Read the September 2015 issue of Court Report, which includes such topics as the Students First Act, hearing officer authority, and Title IX-sexual assault. This newsletter is an ACSBA member benefit .


September 2015 Issue of Court Report

Alabama Supreme Court 

Ex parte Lambert, -- So.3d --, 2015 WL 5086453 (Ala. Aug. 28, 2015)

We last reported on this case in the December 2013 edition of Court Report. As explained in our previous report on Lambert v. Escambia County Board of Education, 2013 WL 5583739 (Ala. Oct. 11, 2013), the superintendent recommended the employee’s termination after a loaded handgun was found in a bag in his office. The employee argued that he had inadvertently brought the gun on campus. While the employee had no disciplinary history, the board had a policy that possession of weapons on school property would lead to suspension or termination.

After a hearing was held, the board upheld the superintendent’s recommendation and terminated the employee. The employee appealed to a hearing officer who expressed that he believed a lesser punishment was warranted. Nevertheless, in light of his duty to give deference to the board’s decision and in light of the limitation upon his authority to only reverse or uphold the board’s decision, he upheld the termination. The employee appealed to the Court of Civil Appealswhich affirmed the hearing officer’s decision.

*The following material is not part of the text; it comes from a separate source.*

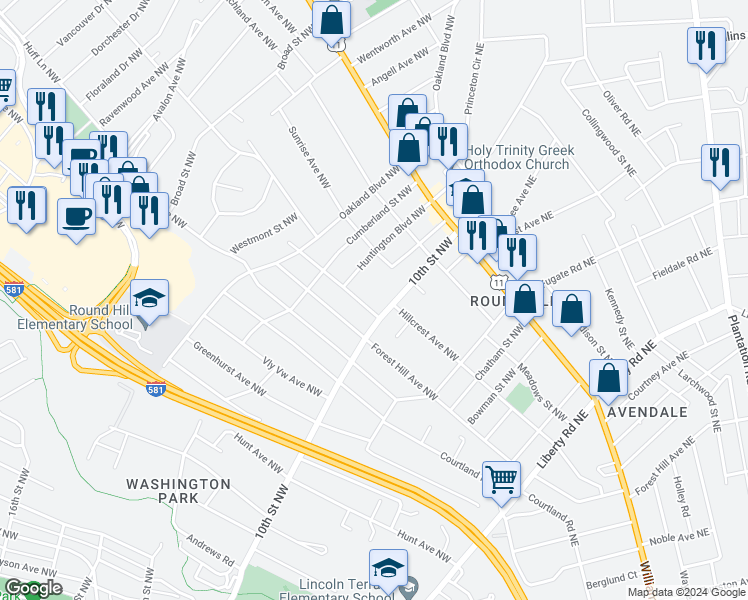 map of restaurants, bars, coffee shops, grocery stores, and more near 3313 Hillcrest Avenue Northwest in Roanoke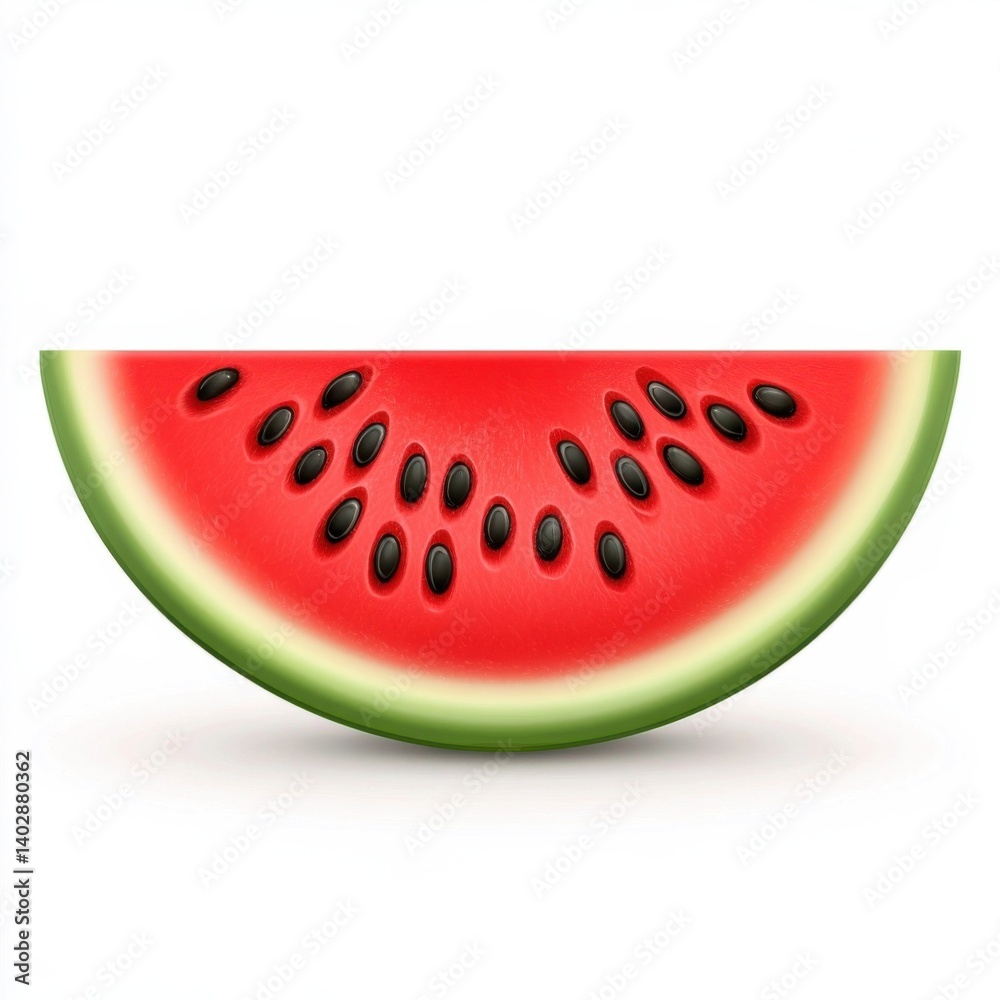 A vibrant juicy watermelon slice with refreshing red flesh and black seeds, isolated white background, hyperrealism art style A vibrant juicy watermelon slice with refreshing red flesh and black seeds, isolated white background, hyperrealism art style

The employee then appealed that decision to the Alabama Supreme Court. Following oral arguments, the Court issued a mixed decision. In a 4-3-2 split decision, the Alabama Supreme Court agreed with post-Students First Act decisions which have held that the hearing officer must show "extreme deference" to the board's decision, also referred to as the"arbitrary and capricious standard of review". The Court recognized that in repealing the former Teacher Tenure Act and Fair Dismissal Act, the legislature intended to return decision-making authority for school employees to boards and to eliminate cumbersome litigation. Then, despite its holding that hearing officers must apply an extremely deferential standard of review, it decided in the very last sentences of the opinion that the hearing officer has the authority to order a board to reduce its decision to terminate.

With that holding, the Court reversed and remanded the case back to the hearing officer to consider whether the decision to terminate was arbitrary and capricious. Because this holding was in direct contradiction to the plain language of the law that the hearing officer can only affirm or reverse the board's decision and in light of the potentially negativeimpact this split decision could have on boards across the state, the board will file an application for rehearing on the narrow issue of authority to remand. The AASB Legal Assistance Fund is participating in this appeal as amicus curiae.


Eleventh Circuit

Hill v. Cundiff, -- F.3d. --, 2015 WL 4747048 (11th Cir. Aug. 12, 2015)

This case involved a student-on-student rape and has unfortunately become known as the “rape bait” case. The facts are largely in dispute, but the summarized facts are based on the Court’s opinion. A 14-year-old female student complained to school officials that a 15-year-old male student with an extensive disciplinary history was sexually harassing her. Specifically, the girl reported the boy had been pressuring her to have sex with him in the school bathroom. On the date of the incident, the girl approached a teacher’s aide and complained that the boy was still harassing her. The aide proposed trying to catch the boy in the act by using the girl as “bait”. Eventually, the girl agreed to participate and the aide informed more senior school employees of this potential “sting operation”. In carrying out the plan, the girl told the boy she would have sex with him and they agreed to meet in the boys’ bathroom at which time the girl understood an adult would stop any assault from happening. The girl went into the bathroom and was raped by the boy. Apparently as the result of miscommunication, no employee intervened to prevent the assault.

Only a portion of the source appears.